Skip to main content

[Preview] Full-text inverted index

Since version 3.3.0, StarRocks supports full-text inverted indexes, which can break the text into smaller words, and create an index entry for each word that can show the mapping relationship between the word and its corresponding row number in the data file. For full-text searches, StarRocks queries the inverted index based on the search keywords, quickly locating the data rows that match the keywords.

The full-text inverted index is not yet supported in the shared-data clusters.

Overview

StarRocks stores its underlying data in the data files organized by columns. Each data file contains the full-text inverted index based on the indexed columns. The values in the indexed columns are tokenized into individual words. Each word after tokenization is treated as an index entry, mapping to the row number where the word appears. Currently supported tokenization methods for English tokenization, Chinese tokenization, multilingual tokenization, and no tokenization.

For example, if a data row contains "hello world" and its row number is 123, the full-text inverted index builds index entries based on this tokenization result and row number: hello->123, world->123.

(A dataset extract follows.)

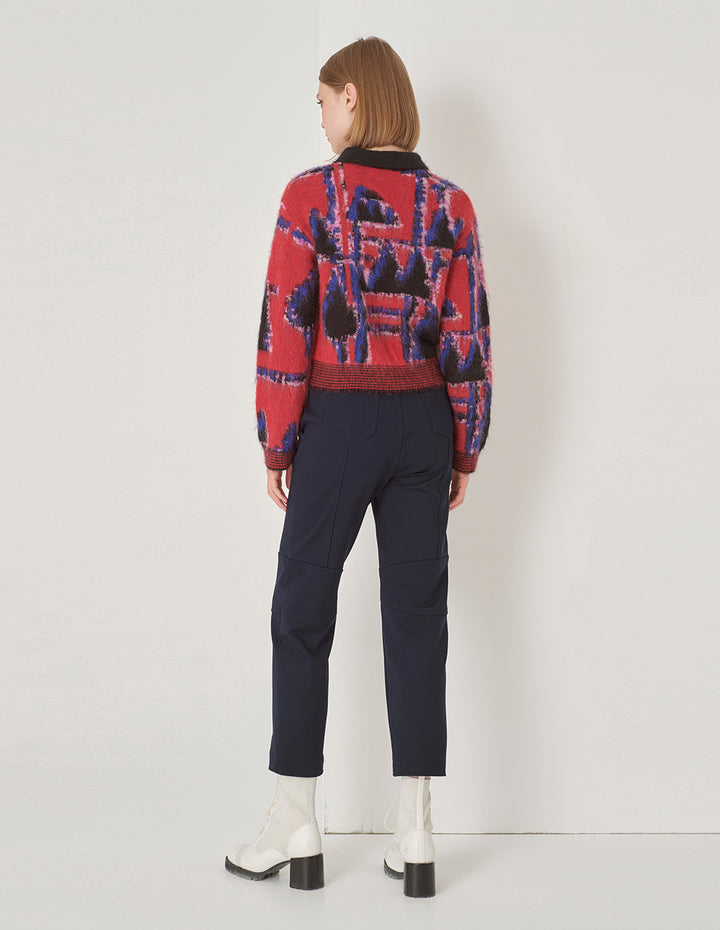 MARYLING Lapel Red And Blue Puzzle Knit Sweater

During full-text searches, StarRocks can locate index entries containing the search keywords using full-text inverted indexes, and then quickly find the row numbers where the keywords appear, significantly reducing the number of data rows that need to be scanned.

Basic operation

Create full-text inverted index

Before creating a fulltext inverted index, you need to enable FE configuration item enable_experimental_gin.

ADMIN SET FRONTEND CONFIG ("enable_experimental_gin" = "true");

Also, a fulltext inverted index can only be created in the Duplicate Key table and the table property replicated_storage needs to be false.

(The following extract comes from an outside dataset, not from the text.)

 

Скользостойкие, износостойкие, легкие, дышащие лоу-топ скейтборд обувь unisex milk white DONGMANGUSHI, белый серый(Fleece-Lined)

Create full-text Inverted Index at table creation

Creating a full-text inverted index on column v with English tokenization.

CREATE TABLE `t` (
`k` BIGINT NOT NULL COMMENT "",
`v` STRING COMMENT "",
INDEX idx (v) USING GIN("parser" = "english")
) ENGINE=OLAP
DUPLICATE KEY(`k`)
DISTRIBUTED BY HASH(`k`) BUCKETS 1
PROPERTIES (
"replicated_storage" = "false"
);
  • The parser parameter specifies the tokenization method. Supported values and descriptions are as follows:
    • none (default): no tokenization. The entire row of data in the indexed column is treated as a single index item when the full-text inverted index is constructed.
    • english: English tokenization. This tokenization method typically tokenizing at any non-alphabetic character. Also, uppercase English letters are converted to lowercase. Therefore, keywords in the query conditions need to be lowercase English rather than uppercase English to leverage the full-text inverted index to locate data rows.
    • chinese: Chinese tokenization. This tokenization method uses the CJK Analyzer in CLucene for tokenization.
    • standard: Multilingual tokenization. This tokenization method provides grammar based tokenization (based on the Unicode Text Segmentation algorithm) and works well for most languages and cases of mixed languages, such as Chinese and English. For example, this tokenization method can distinguishes between Chinese and English when these two languages coexist. After tokenizing English, it converts uppercase English letters to lowercase. Therefore, keywords in the query conditions need to be lowercase English rather than uppercase English to leverage the full-text inverted index to locate data rows.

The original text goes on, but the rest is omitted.